ASSIGNED TASK: For this exercise, retype the lines from the one that holds "Volvo FE 350HP, 6x2*4, Tipper (HARDOX), 2019" through the one that holds "Ghost Hunter: Witches" in the records below, both included, exactly and without pictures.
• • •
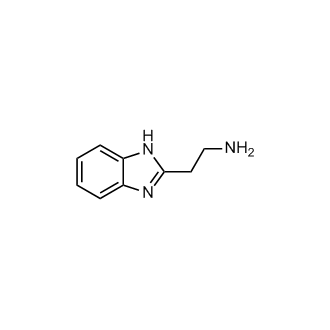 2-(1H-Benzo[d]imidazol-2-yl)ethanamine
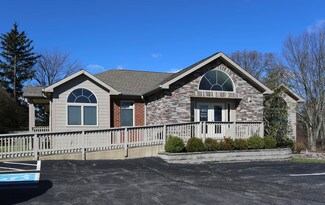 Plus de détails pour 8039 Cincinnati Dayton Rd, West Chester, OH - Bureau à vendre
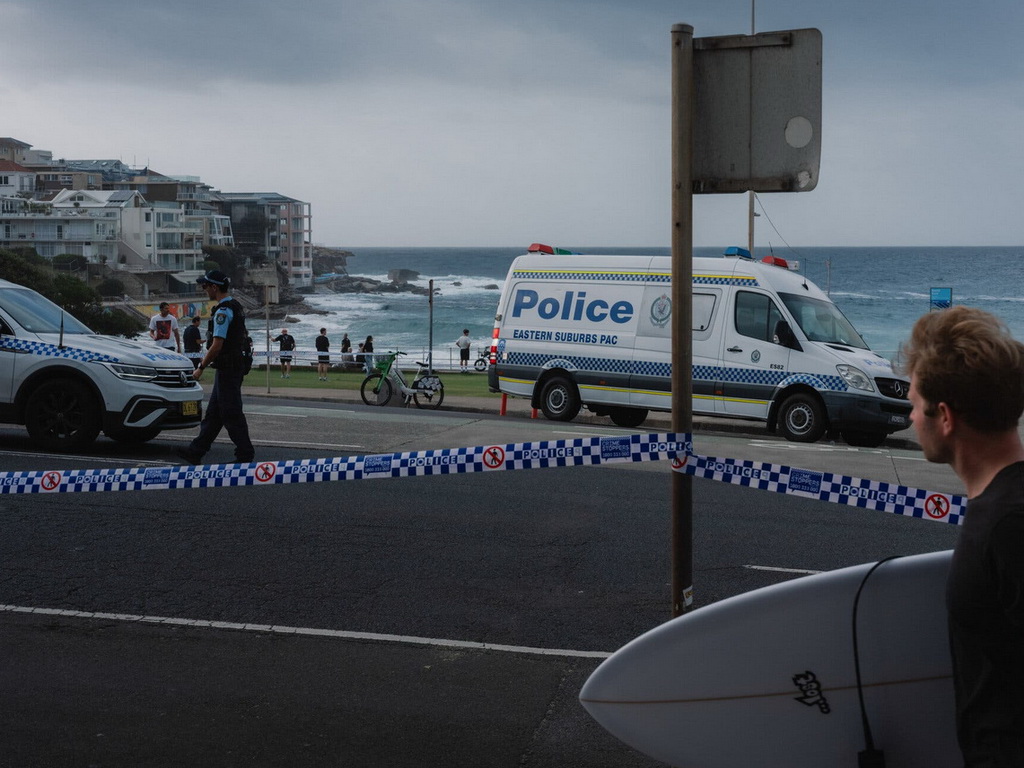 Policija ignorisala upozorenja o terorističkom napadu uoči masakra na Bondiju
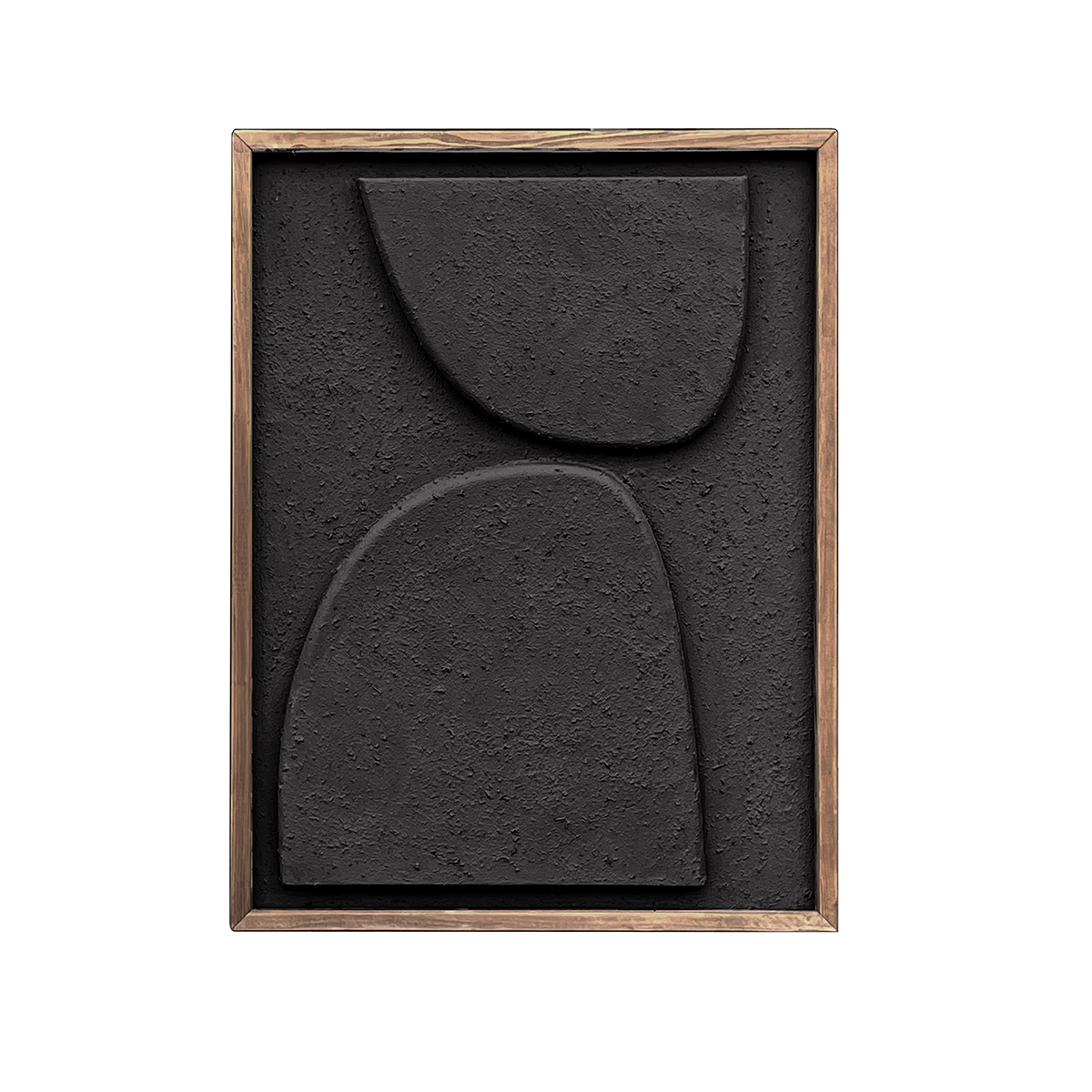 Gaoliang Wall Paintings Wooden Frame Wall Painting Home Decoration OEM/ODM (QH44)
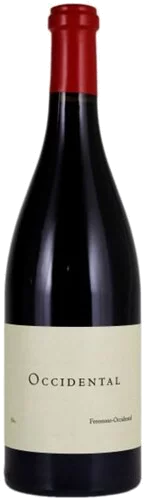 Occidental by Steve Kistler Pinot Noir Freestone-Occidental 2023 (750ml) ***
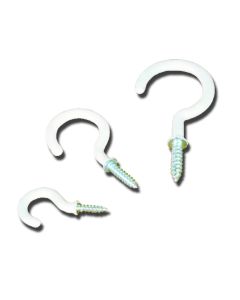  CRONEX CUP HOOKS  11/2 INCHES 1 Each CXP5381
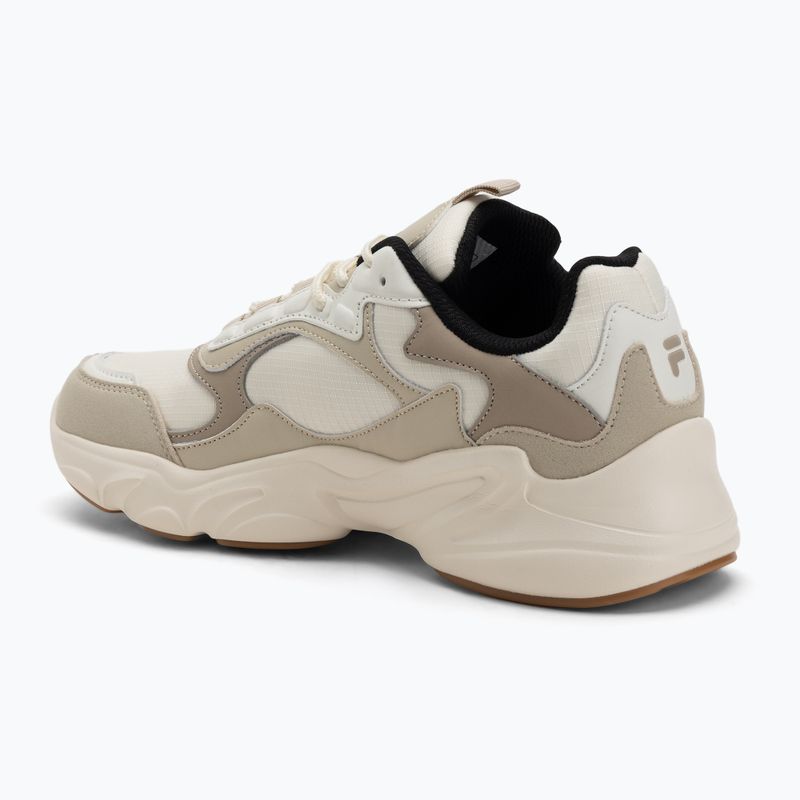 Dámské boty FILA Collene Cb antique white 3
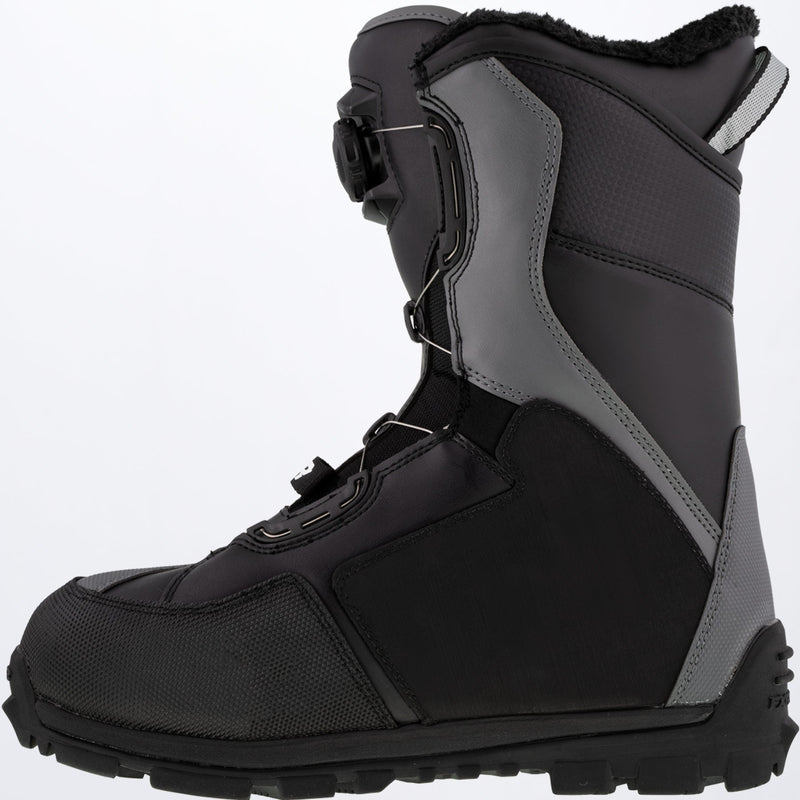 X-Cross Pro Flex BOA Støvel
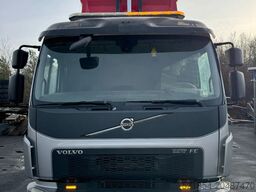 Volvo FE 350HP, 6x2*4, Tipper (HARDOX), 2019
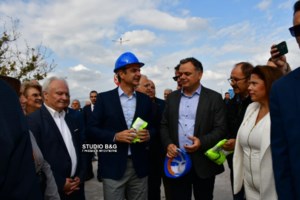 Ο Μαρινάκης απάντησε στον Ράμα για την "ανύπαρκτη" Βόρεια Ηπειρο- Υπάρχει ελληνική εθνική μειονότητα και οφείλετε να τη σέβεστε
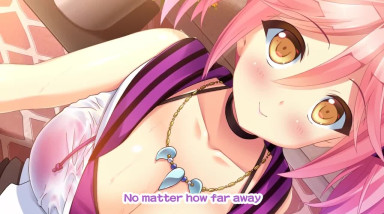 LoveKami -Useless Goddess-: Трейлер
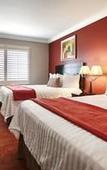 Туры в отель Best Western Burbank Airport Inn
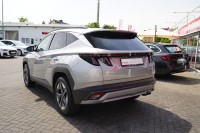 Hyundai Tucson 1.6 T-GDI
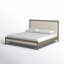Lit plateforme tapissier Stefan-88478292
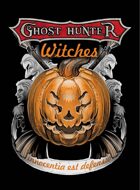 Ghost Hunter: Witches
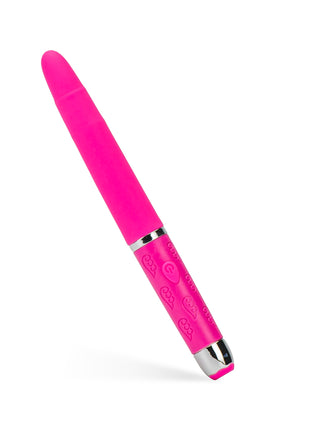 Pleasure Pen Slim Vibrator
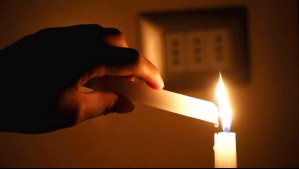 170 mil clientes permanecen sin luz durante el sistema frontal: 46% pertenece a la región de Biobío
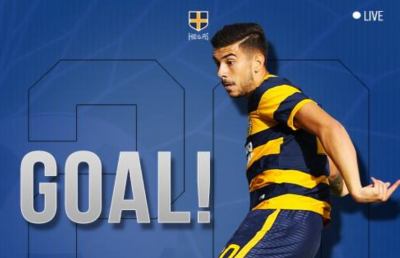 Brescia-Verona 0-1, Zaccagni regala tre punti preziosi all'Hellas in vista dell'Ascoli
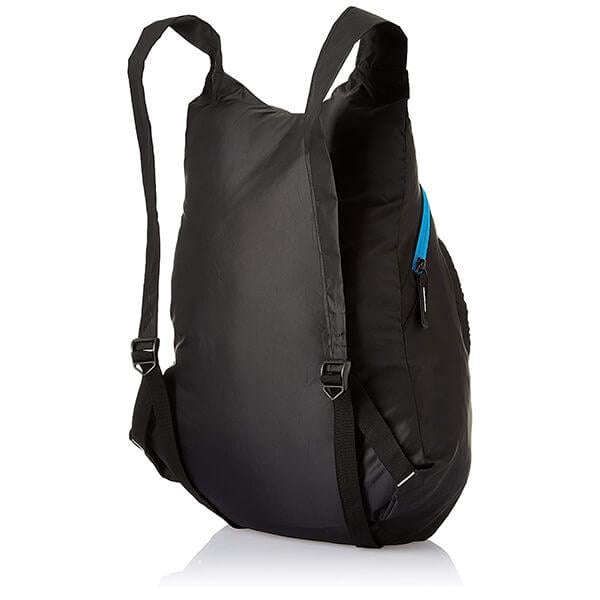Blue-Black Customized Gear Backpack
• • •
ANSWER AREA:
 Volvo FE 350HP, 6x2*4, Tipper (HARDOX), 2019
 Ο Μαρινάκης απάντησε στον Ράμα για την "ανύπαρκτη" Βόρεια Ηπειρο- Υπάρχει ελληνική εθνική μειονότητα και οφείλετε να τη σέβεστε
 LoveKami -Useless Goddess-: Трейлер
 Туры в отель Best Western Burbank Airport Inn
 Hyundai Tucson 1.6 T-GDI
Lit plateforme tapissier Stefan-88478292
 Ghost Hunter: Witches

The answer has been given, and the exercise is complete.